Packer describes his own pre-war attitude as "ambivalently pro-war liberal", meaning he came somehow from the same direction as Tony Blair, who publicly based his support for the invasion mainly on the human rights view that the regime needed to be removed (that's at least what he said after the wmd scam was destroyed). I can respect that, although I never bought it. My main objection always has been, that I did not trust the invaders to do the job.
One of the main themes of the book is to show how show more the main leaders of the invasion never wanted to do more than invade, assuming or believing, on whatever basis, that things would be alright once liberation was achieved. Rumsfeld's dictum that "bad things happen" when people are free exemplifies this attitude. I assume he meant that good prevails in the end. Well, it does not seem to do so.

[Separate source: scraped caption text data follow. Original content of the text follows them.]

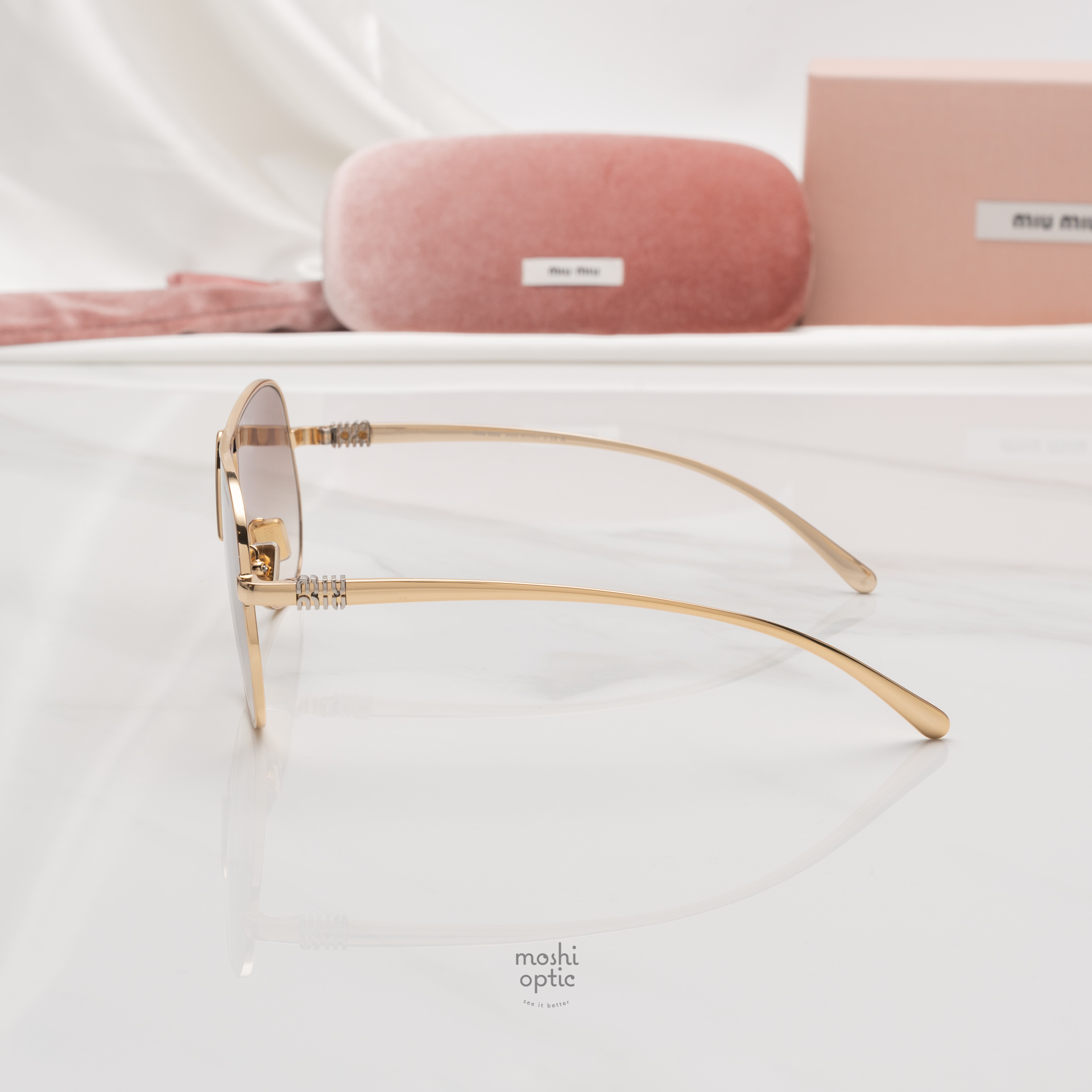 แว่นกันแดด Miu Miu MUA56S 5AK90L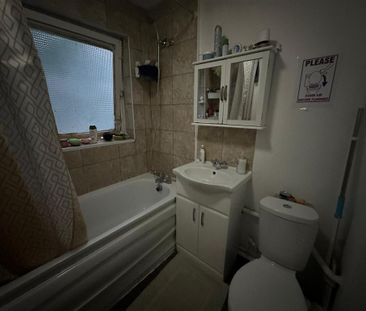 4 bedroom house of multiple occupation to rent - Photo 6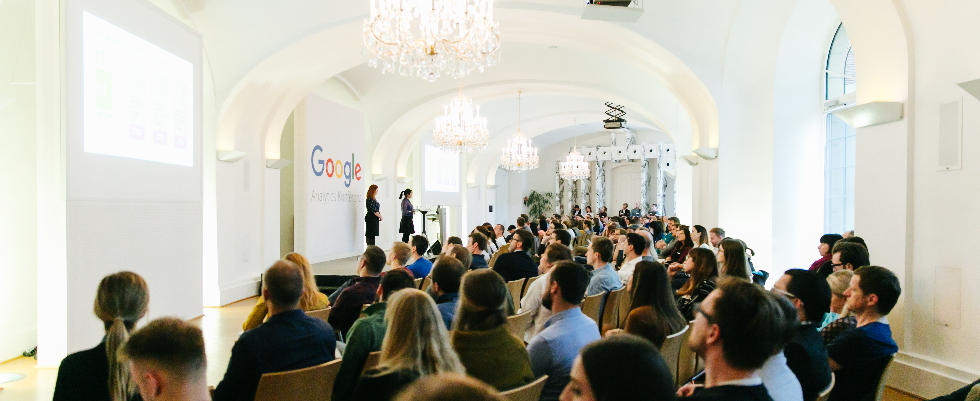 Die 12. Google Analytics Conference: Von GA4 bis zur Post-Cookie-Ära – werde Expert:in im Google-Kosmos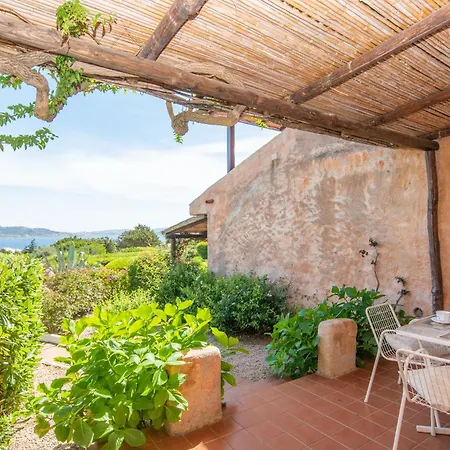 Flat La Quercia * بالاو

I wish I could feel good about this "told you so" attitude of mine. The situation is too damaging to enjoy having been right.
The book is worth reading for mainly two reasons: it gives a broader overview of the political schools of thought involved in the run up debates, in this way tracing the motives for the war. I became more clearly aware of the two different reasons to want to invade, i.e. the neocons' national missionarydom and the hawkishness of the human rights school. I think Packer describes this process very fairly, although it is obvious where his sympathies are. I also learned to be aware about the two opposing historic analogies that were used in the debate: pro war positions referred to the Munich appeasement before WWII, while anti war debaters spoke about the Tonkin deception which led to a larger engagement in Vietnam.
Second reason to read the book: it shows how the lack of planning for "phase IV", i.e. the time after the victory of the invasion, led to the downward spiral of destruction and murder that we are observing now. I find the current debates, whether this is civil war already or not yet, utterly ridiculous.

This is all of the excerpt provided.